We hiked down the valley, towards the river while looking at dead snakes, barbie doll size hot springs, and repeating multiple times to our tiny hikers,
“No running down the trail”!
Since my friend and I are both fly fisher ladies, we would peer out of the corner of our eyes at the river next to us, sizing up the habitat and looking for back eddies that would hide the trout from the swift waters. My husband informed me that I was not allowed to fly fish while on single parental duty because I get locked in- he was right this time so I left my fly rod in the car (sad face).
We got down to the end of the trail, where we have to wade around the corner. I scoped it out without the toddler on my back and headed into the frigged water, while the little hikers threw rocks on the trail. About two feet away from the large rocks along the river, the water was aggressive, but I found that if I stayed near the rocks I could manage my footing just fine.

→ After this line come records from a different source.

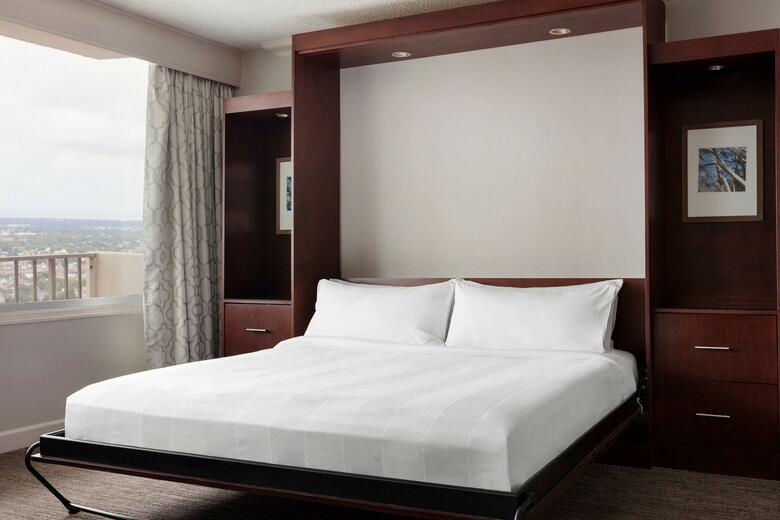Hotel New Orleans Marriott
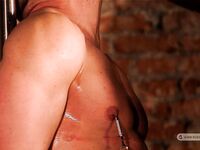 Escort Boy Denis - Final Part - RusCapturedBoys - Waxing
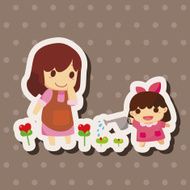 family theme elements N34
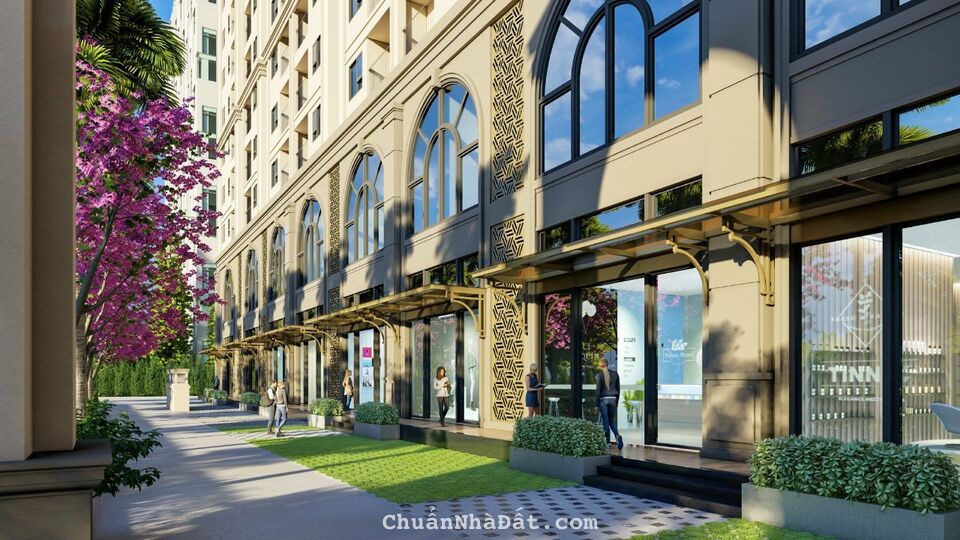 Căn Hộ B+ Tại Tâm Điểm TP Cảng Phú Mỹ Khai Trương Nhà Mẫu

I was waiting for the drop off, where it would be ‘over my kids heads’, and it never came. I was waiting for a rogue wave to jump out and pull my hair into the water and wash me downstream, but it didn’t happen. So I turned around and went back to report that the naysayers were wrong (maybe they just didn’t want kids at the hotsprings!).
After a short time of discussion, my friend and I decide we will methodically carry each kid around the bend to the hot springs, like super heroes. [My kids better remember how cool I was in this moment- Ill probably use it on them when they are teenagers: how I carried them through wild waters…].
The toddler was screaming and kicking in his backpack and trying to climb out when it is our turn to make the journey. I had to hold onto his ankle behind me to make sure he stayed tight in his pack. Another mom on the trail came in behind us and offered to carry my 4 yr. old. And so, like the Oregon Trail travelers trying to maneuver our way to paradise on the other side of the Wild West mountains, we followed in line through the waters. Against our camp ground’s popular beliefs of our abilities, we made it!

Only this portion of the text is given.